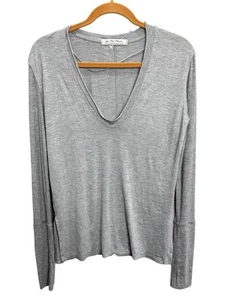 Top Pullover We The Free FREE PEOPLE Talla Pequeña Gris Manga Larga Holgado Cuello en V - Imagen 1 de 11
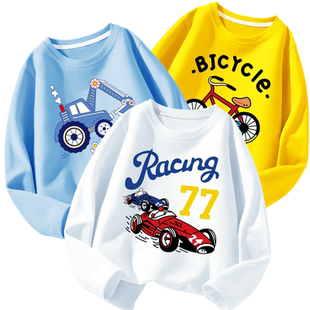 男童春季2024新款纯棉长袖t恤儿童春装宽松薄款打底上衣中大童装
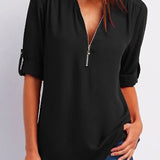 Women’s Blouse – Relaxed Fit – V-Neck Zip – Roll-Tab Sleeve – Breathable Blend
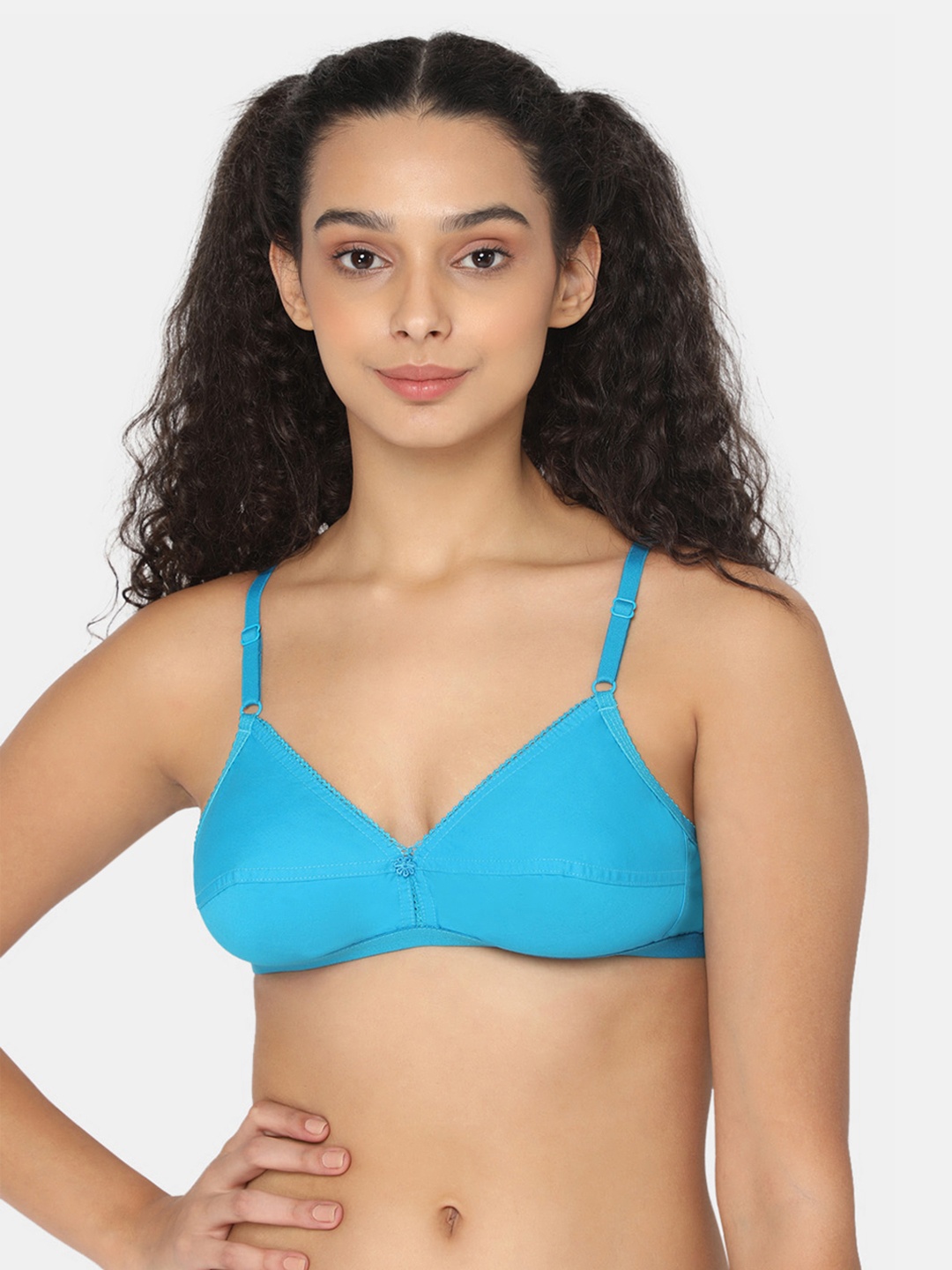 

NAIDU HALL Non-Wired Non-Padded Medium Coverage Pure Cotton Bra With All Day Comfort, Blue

------------------------

| Task instructions |
Your answer must be only the lines from the one that holds "男童春季2024新款纯棉长袖t恤儿童春装宽松薄款打底上衣中大童装" to the end of the listing, each restated word for word, with both ends kept and pictures left out.

| Exercise output |
 男童春季2024新款纯棉长袖t恤儿童春装宽松薄款打底上衣中大童装
 Women’s Blouse – Relaxed Fit – V-Neck Zip – Roll-Tab Sleeve – Breathable Blend

NAIDU HALL Non-Wired Non-Padded Medium Coverage Pure Cotton Bra With All Day Comfort, Blue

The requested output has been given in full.